In December a gift book is circulated in the Georgetown community, and this year’s book is Justice: Faces of the Human Rights Revolution — a big book of portraits “highlighting the work of individuals making an impact across the globe. These individuals share a profound commitment to human rights and social justice.”
The photograph of Kwame Anthony Appiah caught my eye. He is a friend of the Berkley Center, and his work, well known today, will become even better known with the passing of the years — and through his new role as a global philosopher with NYU.

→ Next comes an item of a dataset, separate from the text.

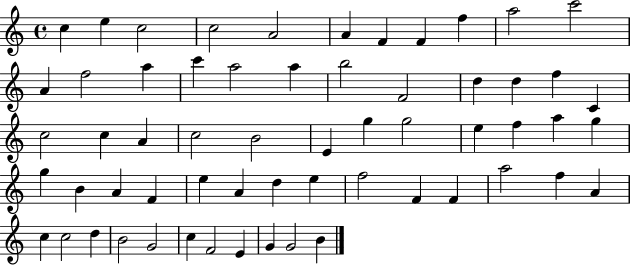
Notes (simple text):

C5/q E5/q C5/h C5/h A4/h A4/q F4/q F4/q F5/q A5/h C6/h A4/q F5/h A5/q C6/q A5/h A5/q B5/h F4/h D5/q D5/q F5/q C4/q C5/h C5/q A4/q C5/h B4/h E4/q G5/q G5/h E5/q F5/q A5/q G5/q G5/q B4/q A4/q F4/q E5/q A4/q D5/q E5/q F5/h F4/q F4/q A5/h F5/q A4/q C5/q C5/h D5/q B4/h G4/h C5/q F4/h E4/q G4/q G4/h B4/q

"Accompanying each portrait is a micro-essay exploring the life, legacy, and singular spirit of its subject,” as Maria Popova put it on Brainpickings, and the micro-essay alongside Appiah’s portrait is eye-catching for his succinct way of framing human rights in the vocabulary of morality without hectoring or harking back to the past.
Human rights, Appiah explains, are enshrined in law, expressed in culture, and tested in the shame we feel when such rights are violated — which ought to stir us to try to change things.
That process of cultural change means developing a sense of pride in the fact that we — we Pakistanis, we Americans, we Ghanaians — have a society that is respectful of these fundamental rights. People will then feel ashamed when they discover their country has failed to respect them. I feel a profound shame as an American citizen when I think about Guantánamo.
When he was the president of PEN, Appiah worked in support of Liu Xiaobo, the Chinese Nobel Peace Prize laureate who has been stifled by China’s government.
Not long after Liu got the Prize, I spoke to a Chinese exile in Washington, D.C., and, entirely unprompted, she spoke of the shame she felt about what her country was doing. Her shame at Liu’s imprisonment, mine at Guantánamo: we understood each other.
The sheep’s name is Daisy, as far as I can tell.